Michelle Bradley performed Thursday night at Temple Beth Am in PInecrest. Photo: Shawn Ehlers

In 2016 soprano Michelle Bradley, then a member of the Metropolitan Opera’s Young Artist Development Program, made her Miami debut in a recital for Friends of Chamber Music. She demonstrated exceptional vocal gifts that marked her as a highly promising future operatic heroine.

Bradley returned on Thursday night to Julian Kreeger’s long-running series and there was no doubt that this young singer was now a more polished, successful artist. Her active career now spans major opera and concert engagements in Europe and the Americas.

The intimacy of the sanctuary at Temple Beth Am in Pinecrest was perfect for Bradley’s gracious presentation. Her running commentary between selections combined wit and charm with vital contextual information, particularly for the operatic excerpts. With Ken Noda at the piano providing stellar support in widely diverse repertoire, Bradley’s program was a feast of splendid vocalism and a harbinger of great things to come.

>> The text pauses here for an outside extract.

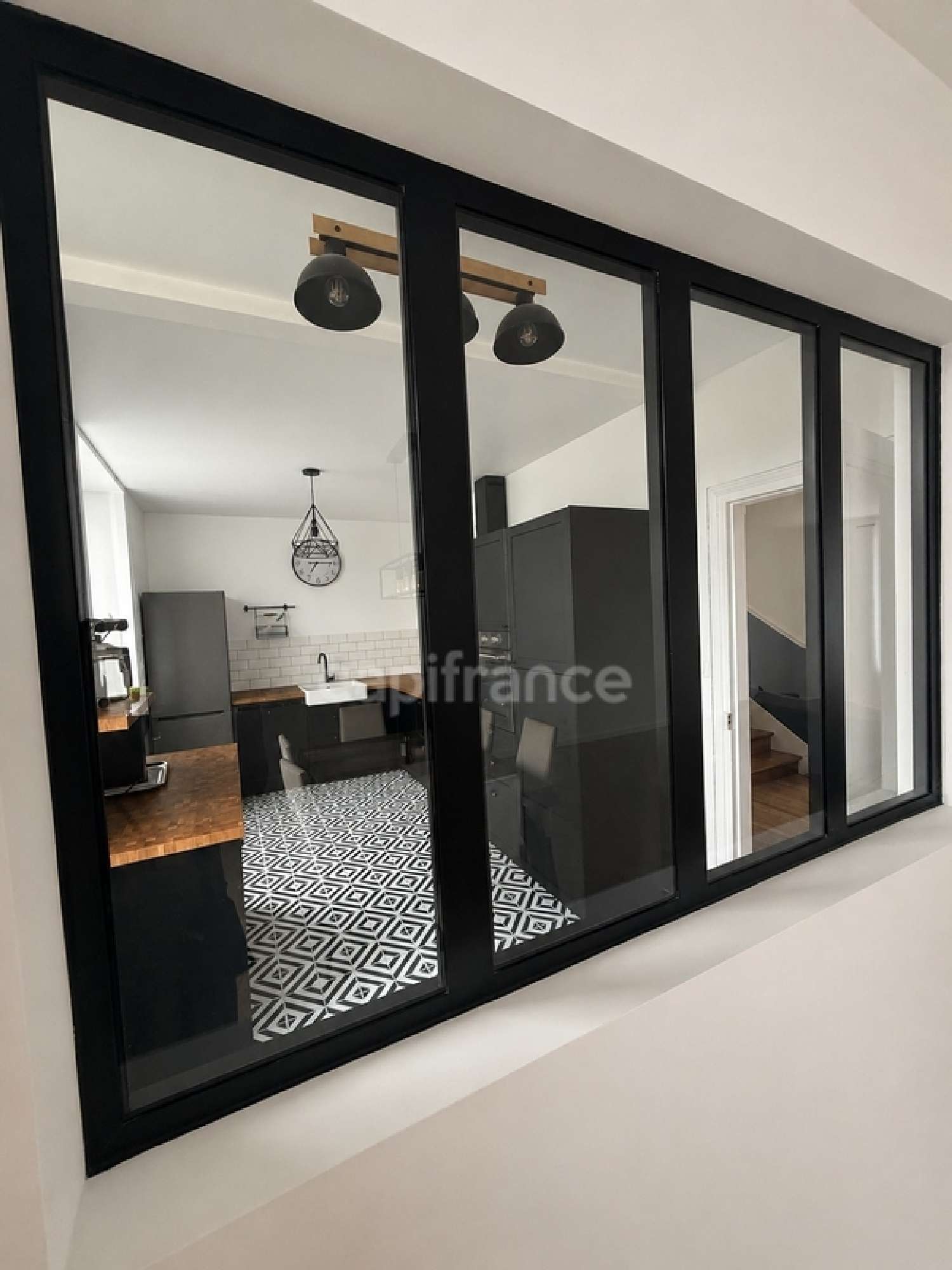  à vendre maison Chaufour-lès-Bonnières Yvelines 4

Bradley has played the role of Donna Anna in Mozart’s Don Giovanni and she opened with that heroine’s aria “Non mi dir.” She displayed superb control of her voluminous instrument. Bradley’s high notes gleamed and she molded Mozart’s phrases with long spun elegance. At full strength, her outpouring of radiant tone and seamless projection, with no scooping between registers, brought vibrant life to Donna Anna’s plea to her lover. Bradley’s accurate coloratura runs in the coda capped a stylish and vocally luxuriant performance.

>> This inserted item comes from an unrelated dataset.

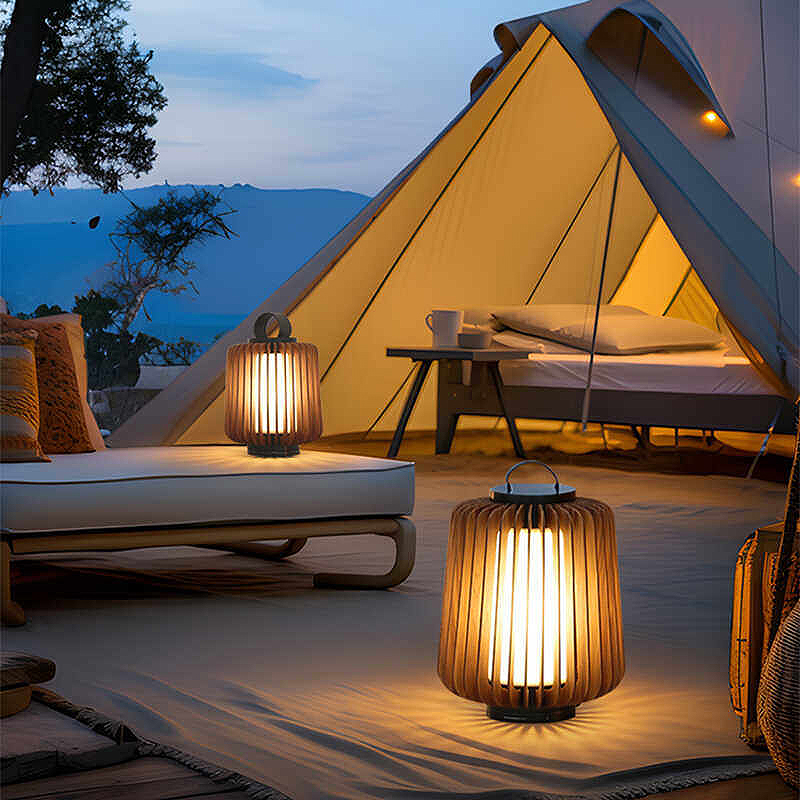 Lampada da terra luminosa per  - Outdoor Lighting And Decor recensione e prezzo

Samuel Barber’s Hermit Songs were written in 1953 and premiered by the legendary Leontyne Price. The ten-song cycle is based on texts by Irish monks from the 8th to 13th centuries in translations by W.H. Auden among others.

Bradley encapsulated the essence of each of these vignettes, the moods shifting from humor and playfulness to anguish. Bradley sang “At St. Patrick’s Purgatory,” the opening song, with the gutsy aura of a gospel singer, reflecting her own musical roots in the church. The brief, “Church Bells at Night” is prime Barber and Bradley’s silvery high tones were plush icing on this lyrical confection. She captured the testament of faith in “St. Ita’s Vision” with great emotion and feeling. Noda’s whirling keyboard figurations were articulated with consummate artistry.

“The Heavenly Banquet” was appropriately light and jubilant. Bradley’s deep lower register conveyed the depth of pain in “The Crucifixion.” Noda’s dissonant keyboard lines added spice to the shanty-infused “Sea Snatch.” Bradley insinuated the sexual allure of “Promiscuity” with a lithe touch and she brought the ease of a pop chansonnier to the folksy melodic strokes of “The Monk and his Cat.” “The Praises of God” were proclaimed in fierce declamation and Bradley turned “The Desire for Hermitage,” the cycle’s final song, into a mini drama of operatic proportions. She encompassed Barber’s varied musical palette with refined artistry and tonal allure, seconded by Noda’s idiomatic underpinning.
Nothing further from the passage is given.